I tried to control my expression; I’d heard the man talking out of his arse before, but this was something new. I wanted to tell him that a lot of people were just cunts and that was all there was to it, but with a breakfast drink or two already inside me I thought it best to keep my face shut; the last thing I wanted was an argument with the boss about the true moral calibre of our fellow citizens.

‘But you must be tired if you were out so late. Would you like some coffee, Bernie?’

‘No, thanks, sir.’

‘I know. It’s hardly the sort of weather for coffee. There is water if you’d prefer.’

‘I’m fine, thank you, sir.’

He got up and crossed the floor to open a window. ‘You would think they could supply an electric fan that worked properly. But that one on my desk is more or less useless. Really, it’s quite unforgivable when the temperature is as hot as this.’

Weiss was slow coming to the point, which made me nervous. I half suspected he was going to deliver a dry-as-mummy-dust lecture about police discipline and then fire me from the Murder Commission before sending me back to the ranks of Vice, realizing that he’d made a mistake in giving me Lindner’s seat and that Kurt Reichenbach should have had it after all.

Back at the desk he retrieved his cigar from the ashtray and relit it before sitting down. ‘Tell me, Bernie, do you remember the Klein and Nebbe case?’

‘Everyone in Berlin remembers the Klein and Nebbe case.’

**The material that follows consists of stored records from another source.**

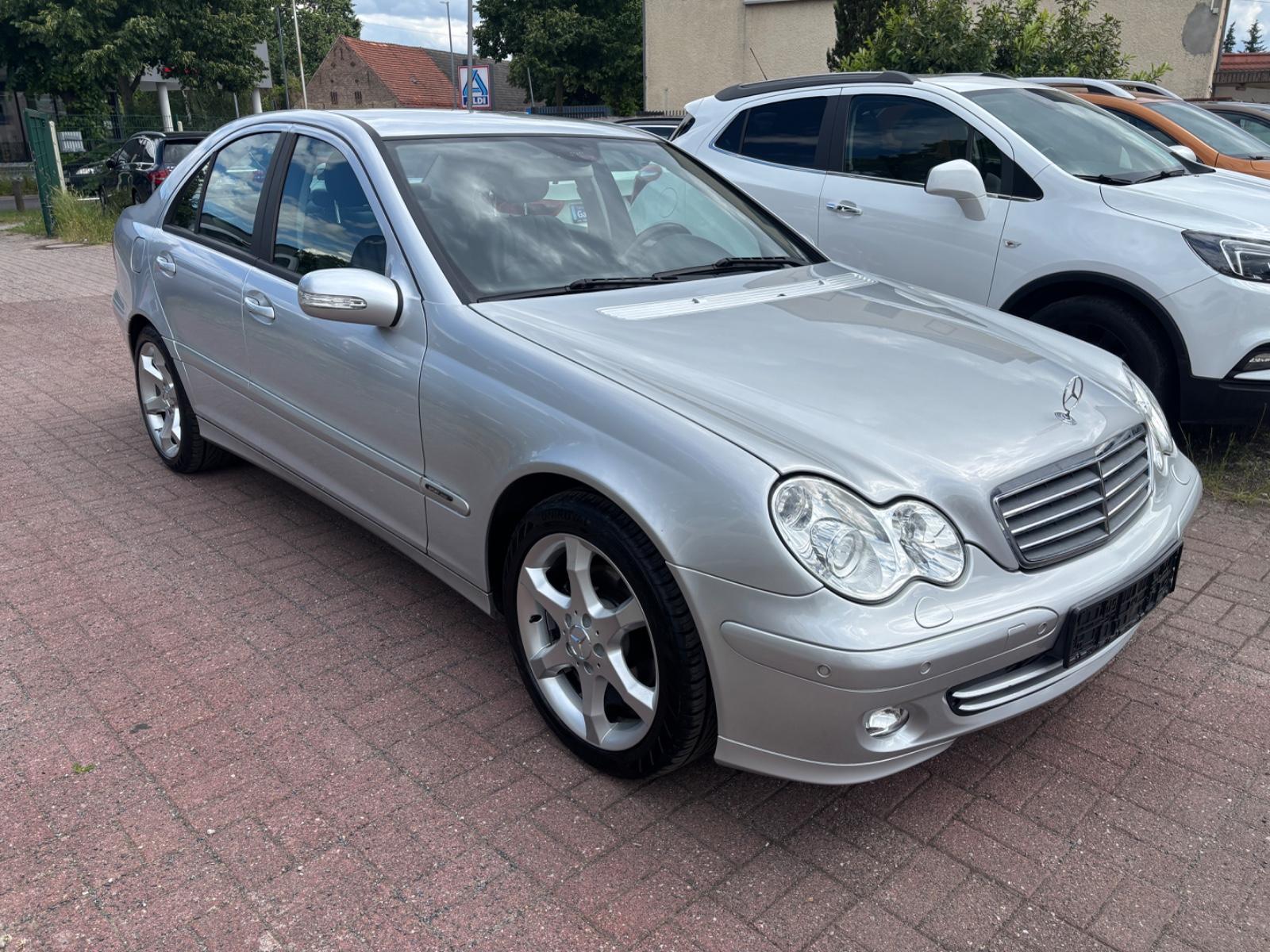 Mercedes-Benz C 200 Limousine+AUTOM.+BI-XENON+SITZH+PDC+LEDER+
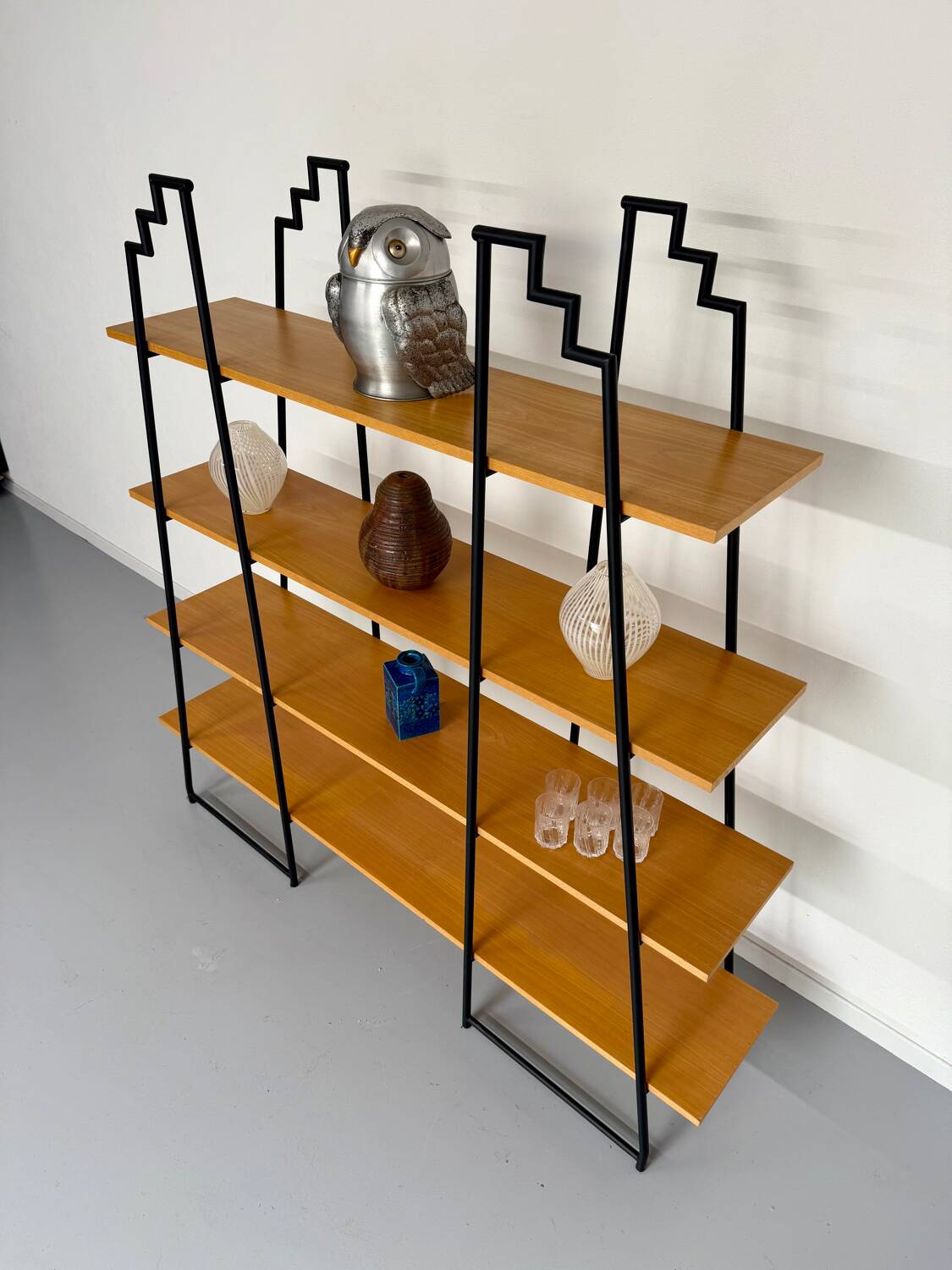 Étagère bibliothèque bois et métal design des années 80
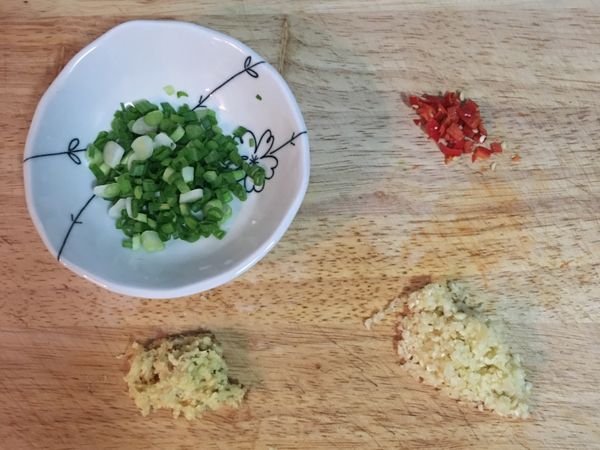 蔥切末、蒜切成細末、薑去皮磨成泥、辣椒去籽切成末。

‘Well, I’ve been reading this essay about the case by a writer called Alfred Döblin. From Stettin. I recommend you read it. Anyone who’s interested in criminalistics should read his essay. It contains newspaper reports, trial records, medical testimony, everything. Only, it’s not an attempt to sensationalize what happened but to understand it. To explain it.’

‘Two women poisoned one husband and attempted to poison the second,’ I said helplessly. ‘What’s to understand or explain? That’s a crime in any language.’

Weiss took out a small notebook, opened it, and ignoring my objections, prepared to read aloud.

‘One phrase that the writer uses in the essay struck me as particularly interesting. He says, I had the impulse to travel the streets that they — the murderers — routinely travelled. So I also sat in the pubs in which the two women got to know each other. I visited the apartment of one of them, spoke with her personally, spoke with others involved and observed them .’

‘There doesn’t seem much point in going into it now,’ I said. ‘It was six years ago.’

‘Döblin wrote his essay in 1924. And I disagree with you. His is a brave attempt to examine where in society the non-criminal ends and the criminal begins. But it’s not so much his conclusions that interested me as his whole investigative method.’